= DATA =

———

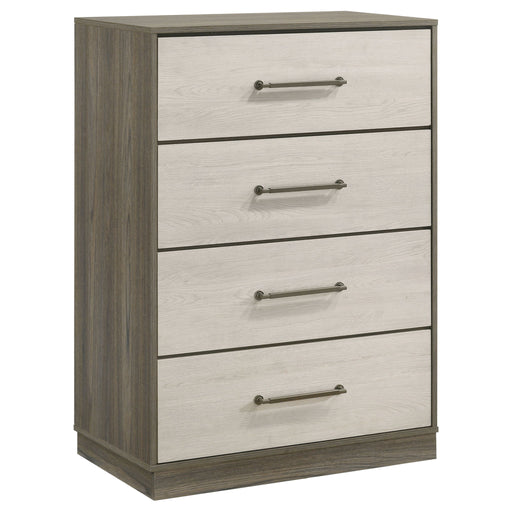 Edmondson - 4 Drawer Chest - Natural / Gray Furniture Max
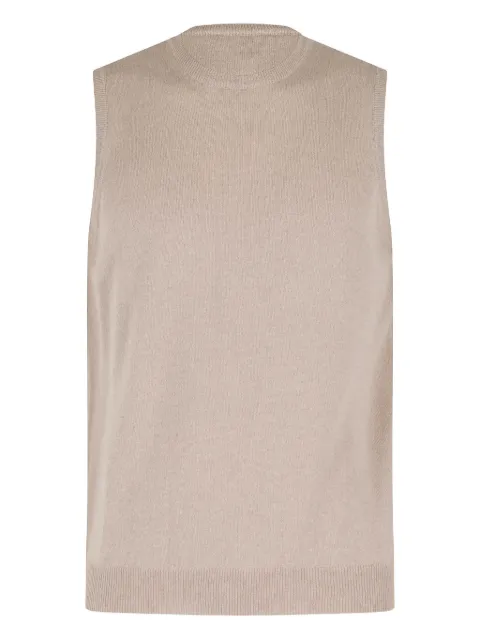 Filippo De Laurentiis ribbed sleeveless top Neutrals GC1SMWC12R097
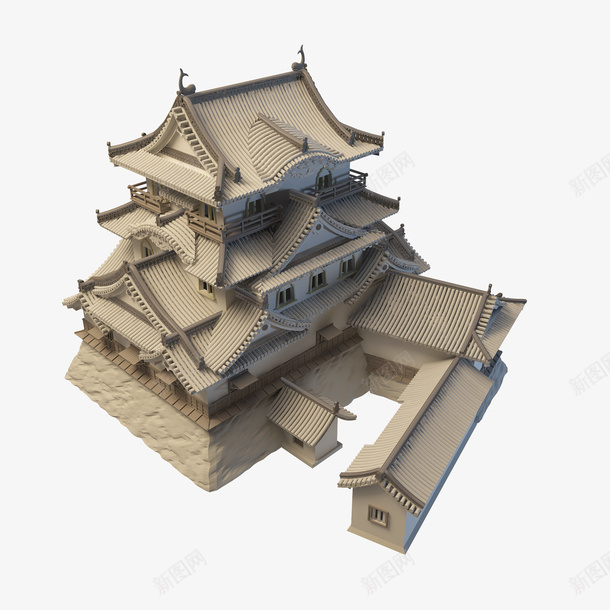 米灰色建筑古典楼阁png免抠素材_新图网 https://ixintu.com 古典楼阁 复古 复古楼阁 灰色 米灰色古典楼阁 米灰色建筑古典楼阁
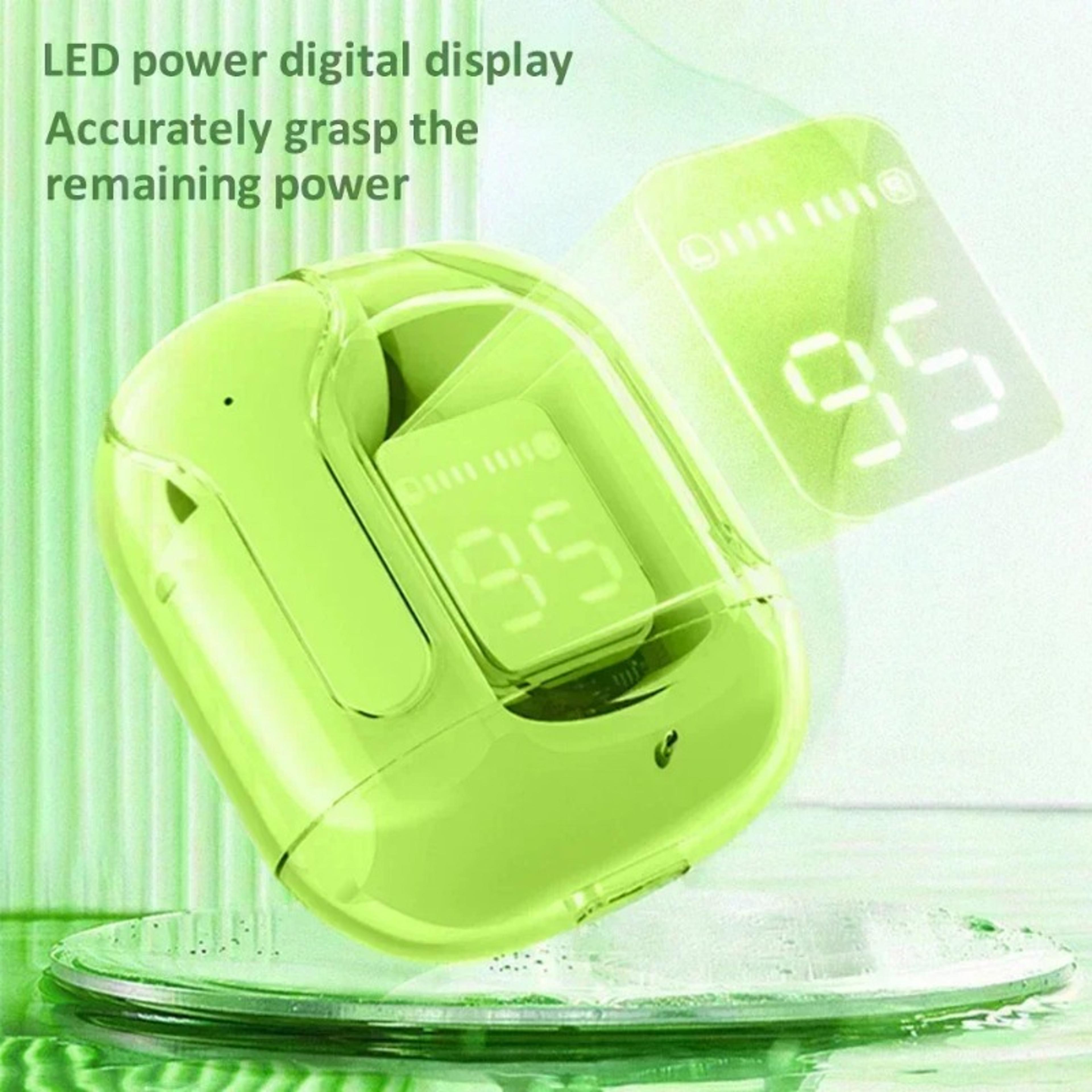 Wireless Mini Earbuds With LED Display Bluetooth Headphones 4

———

= YOUR OBJECTIVE =
With the pictures removed, write out exactly the lines from the line containing "Filippo De Laurentiis" through the last line of the material above, both included.

= OUTPUT OF THE EXERCISE =
 Filippo De Laurentiis ribbed sleeveless top Neutrals GC1SMWC12R097
 米灰色建筑古典楼阁png免抠素材_新图网 https://ixintu.com 古典楼阁 复古 复古楼阁 灰色 米灰色古典楼阁 米灰色建筑古典楼阁
 Wireless Mini Earbuds With LED Display Bluetooth Headphones 4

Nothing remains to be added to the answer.